Of course, some forms of uncertainty are beyond our individual control. Consider the world around us.
For starters, the U.S. economy still struggles to recover fully from the depths of the recent recession. All of the economic indices remind us that we have a long way to go before we regain completely our economic footing. And we acknowledge that this presents challenges to all of the students graduating around the country in this season.
Our political system doesn’t seem to be helping much. Particularly at the national level, our politics remain caught in gridlock, and even the routine responsibilities of government seem nearly impossible to carry out. As I’ll say a bit later, I hope you will be part of the solution to this problem.
It’s not any more comforting when we look outside our borders at what’s happening around the world. There, too, we see economic distress and political dysfunction.
In the face of all this uncertainty and these specific sources of worry, what gives me hope and confidence is you, the students and shortly graduates of Miami Dade.
I am heartened first of all by what I have read and learned about Miami Dade College since I was invited to speak here today. In so many ways, your college is a leader in showing our nation how we should respond to the challenges of globalization, demographic change, and the pressures and promise brought about by technological progress and innovation.
The college is also a leader in another important way that’s particularly important to me. You may not be aware of it since it surrounds you so completely, but the environment the college has created here on campus and fostered in downtown Miami is infused with the arts and humanities. From the numerous live performances to the impressive collections of artwork displayed across the campus, to the readings, lectures and workshops hosted by the Center for Literature and Theatre, to the Miami Book Fair International and the Miami International Film Festival, the arts and humanities are clearly alive and well at Miami Dade. They have surrounded and nurtured you, infusing your lives with their special energy and insight.
This matters because the humanities and arts are powerful forms of understanding and experience that speak to all parts of our lives and identities—not just to our working lives, but to the parts of ourselves that find expression in our communities, in our political and civic engagements, in our family lives and in our friendships. In those places, especially, we desperately need the insight and perspective that the arts and humanities bring to our experience.
Within this rich cultural environment, you’ve created a very special and promising form of community. As the presence of all these national flags attest, you come from an unusually large number of backgrounds. Some of you are immigrants or the children of immigrants, and English is not your first language. Some of you have parents and grandparents whose access to education was thwarted by discrimination.
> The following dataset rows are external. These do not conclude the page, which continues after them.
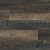 M S International AMZ-LVT-0098 7 inch x 48 inch Luxury Vinyl, Rigid Core Planks, Tile, Click Lock Floating Floor, Waterproof LVT McKenna, CASE, Brown, 23 Square Feet
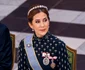 Regina Mary a Danemarcei, Profimedia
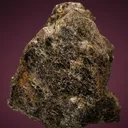 Beryl var. Emerald - image 2
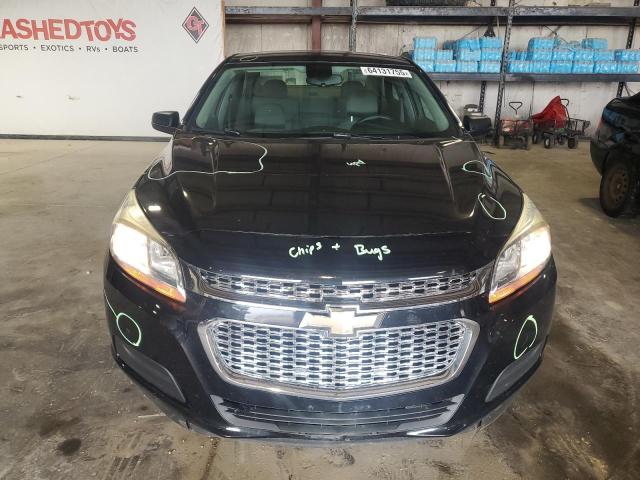 2015 CHEVROLET MALIBU LS - 1G11A5SL7FF289723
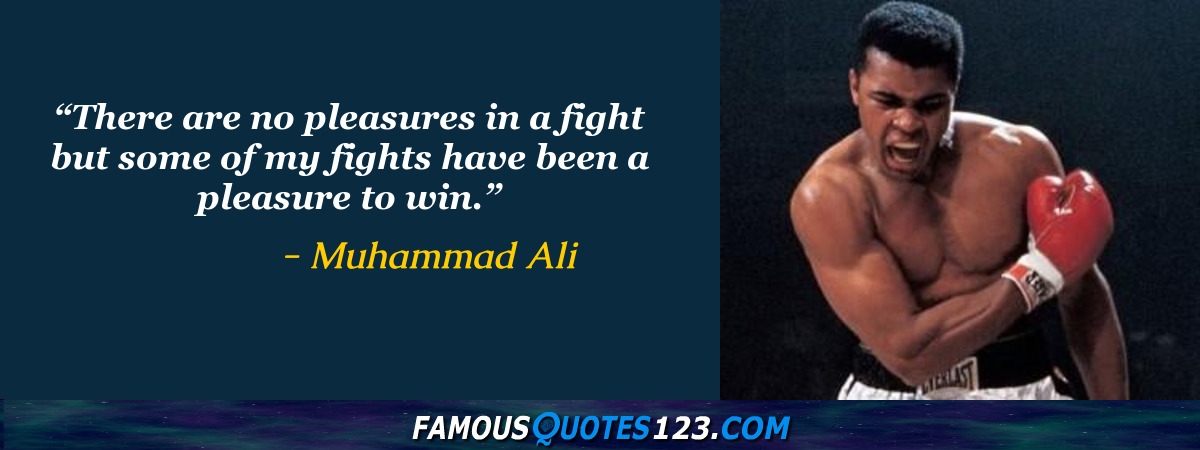 Muhammad Ali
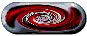 10.gif (15634 bytes)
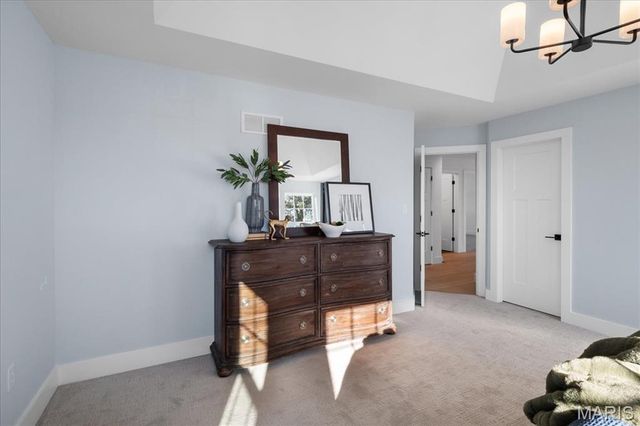 2904 Collier Avenue, Brentwood, MO 63144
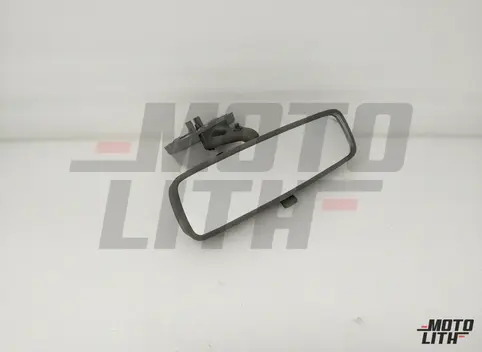 MIRROR ASSY, INSIDE RR VIEW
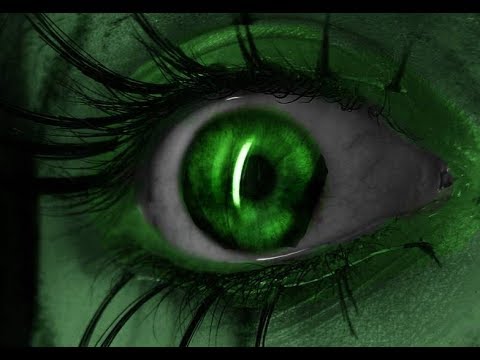 Sesion Makina Remember 90´S DJ Dave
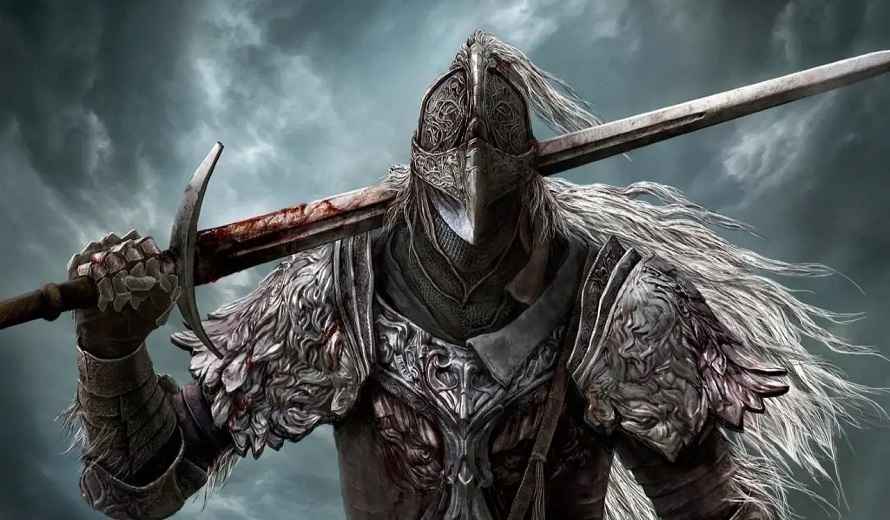 Elden Ring was the most viewed game launch on Youtube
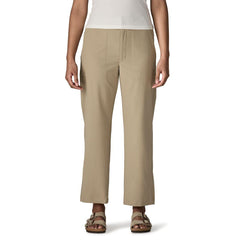 Patagonia Roamwith Pants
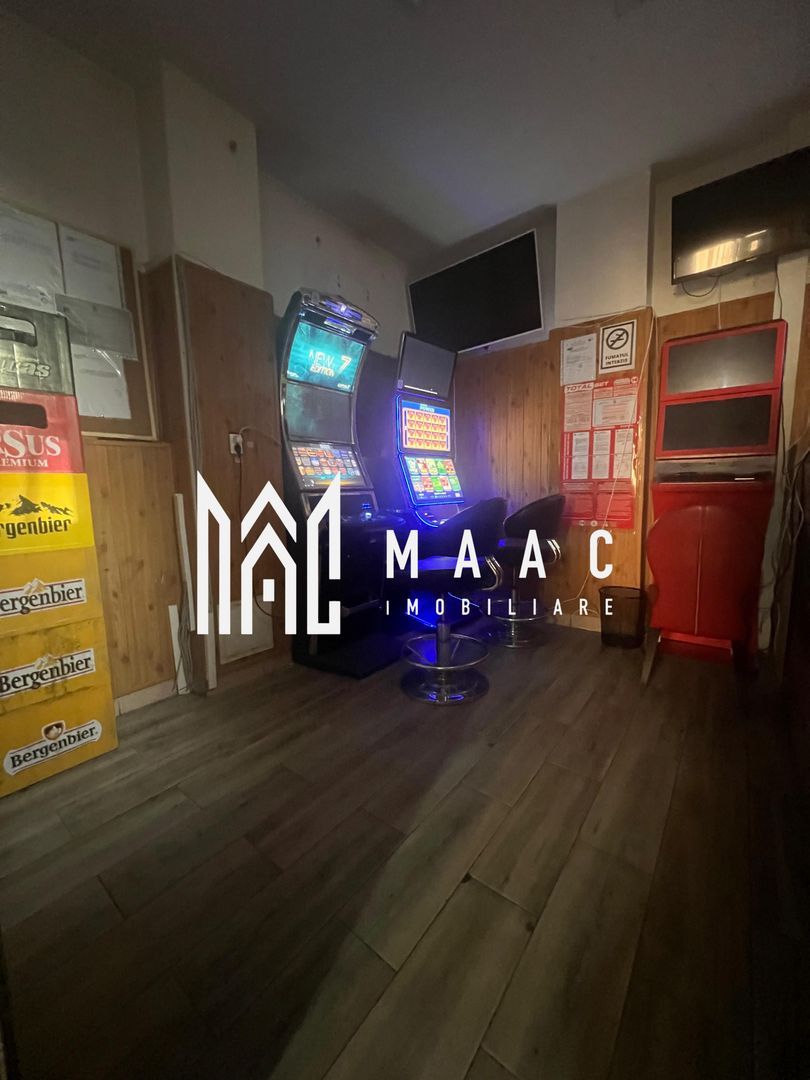 Spatiu comercial | Nord - Poză 3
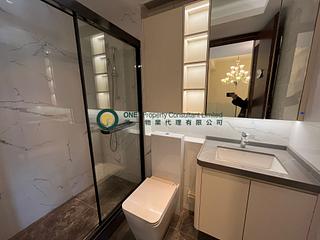Wong Chuk Hang - Marinella 15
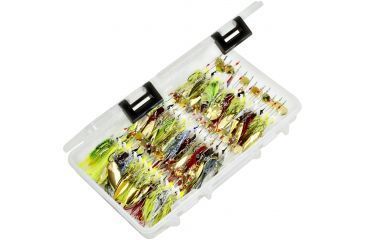 Image of Plano Elite Spinner Bait 3700 Size 370704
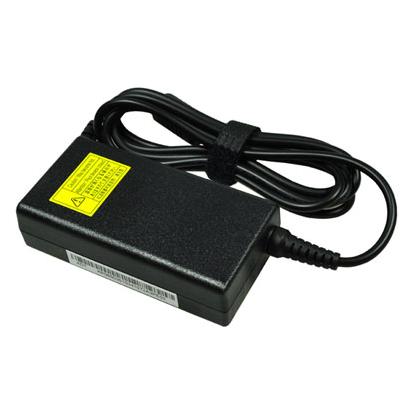 Acer 65W Internal Power Adapter & UPS Black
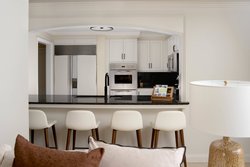  - Ritz-Carlton Grand Cayman Resort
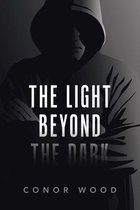 The Light Beyond the Dark
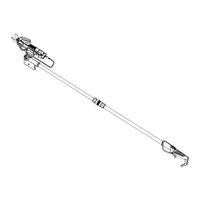 Scotts PR17216PS Manual De Instrucciones
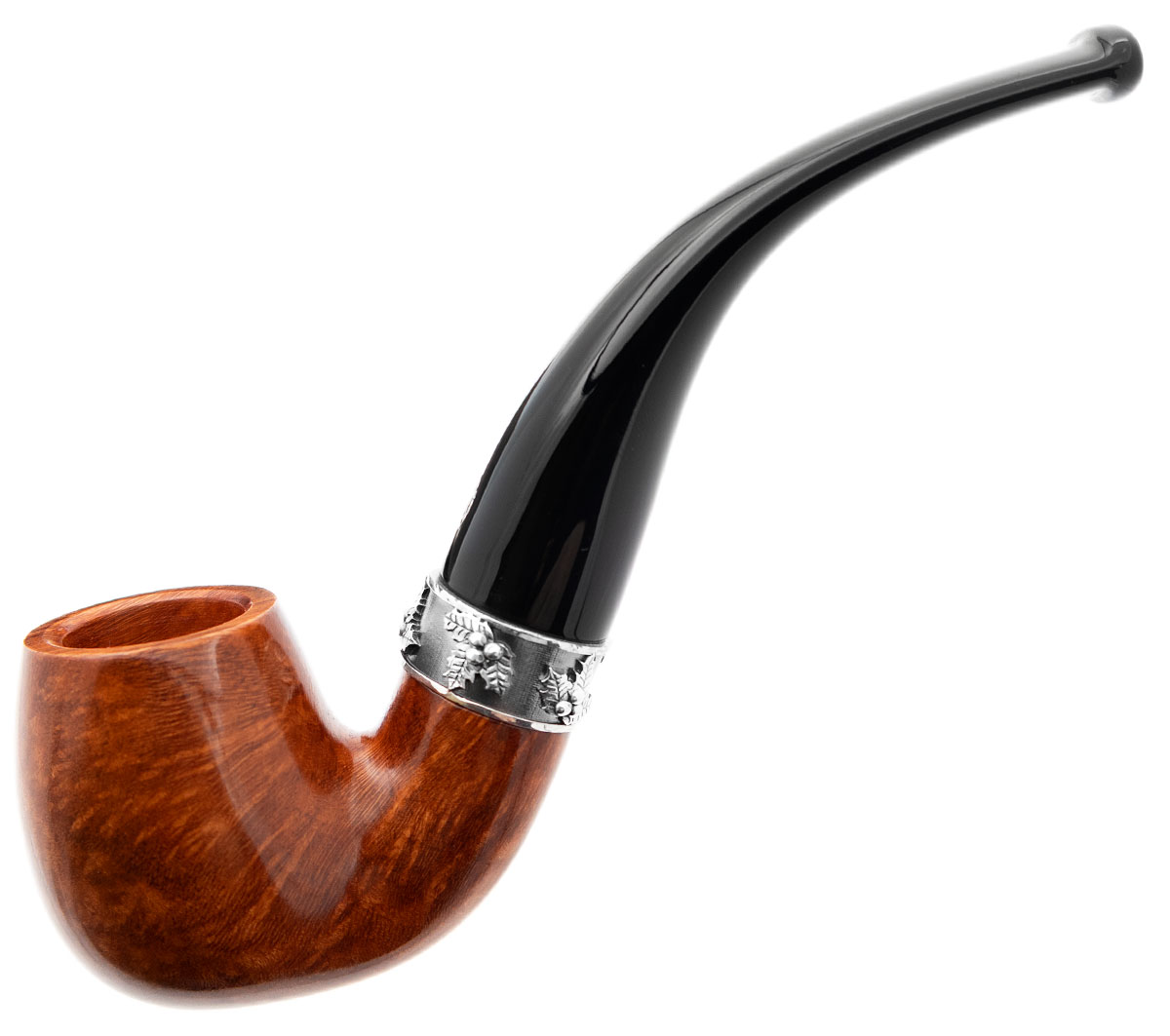 Fresh Savinelli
But these differences don’t divide you. Indeed, you’ve created a community that values difference and places diversity at the very heart of the educational experience and your experience with one another.
The diversity I see on this campus and in this audience is a harbinger of what America is becoming. And the experience of community that you’ve had here at Miami Dade is important to the country because we need your skills and engagement as people familiar with the work of creating a common life from difference.
We’ve all been reminded recently of just how important this kind of community building will be in the coming years. Earlier this week I was in Atlanta, where I had a chance to see materials from the Martin Luther King, Jr. archive at the Robert W. Woodruff Library at the Atlanta University Center. It was deeply inspiring to see hand-written drafts of important speeches that Dr. King delivered in Georgia and elsewhere. But it was just as inspiring to see materials from the student movement in Atlanta in the early 1960s. It’s important for all of us to recall that without the energizing force of the student movement in Atlanta, Dr. King’s message would not have resonated as widely or deeply is it did.
I returned to Washington on Monday night, and when I got home I turned on the television to watch the news. The lead story was the rioting in Baltimore that followed the funeral of Freddie Gray. As I watched those reports, I realized in a new way how far we have to travel as a nation to realize Dr. King’s dream, and how much we need citizens who are capable of building community out of difference. You are those citizens, and what you’ve learned here at Miami Dade will be crucial to our success as a country.
Your achievement here also says a lot about your desire and your commitment. I’m told that most of you are the first in your family to attend college. I know that most of you worked during your time as students and made substantial sacrifices to be sitting where you are now. You clearly have the ability to study hard and well while balancing competing interests and demands. Your determination and passion inspire all of us who now look to the next generation to move this country forward.
You’ve also learned a lot at Miami Dade. That learning included the very specific skills that you’ve acquired in your areas of concentration. But as you’ve mastered these specific areas of competence, you’ve also acquired and cultivated more general intellectual capacities that will be just as important to you in the future. Those capacities include the ability to communicate with power and conviction, the ability to think carefully and clearly about complex problems and issues, and the ability to imagine and create. You’ll find plenty of uses for these capacities as you move out into your futures. They’ll pay off again and again in both your personal and professional lives and in whatever kind of work you end up doing.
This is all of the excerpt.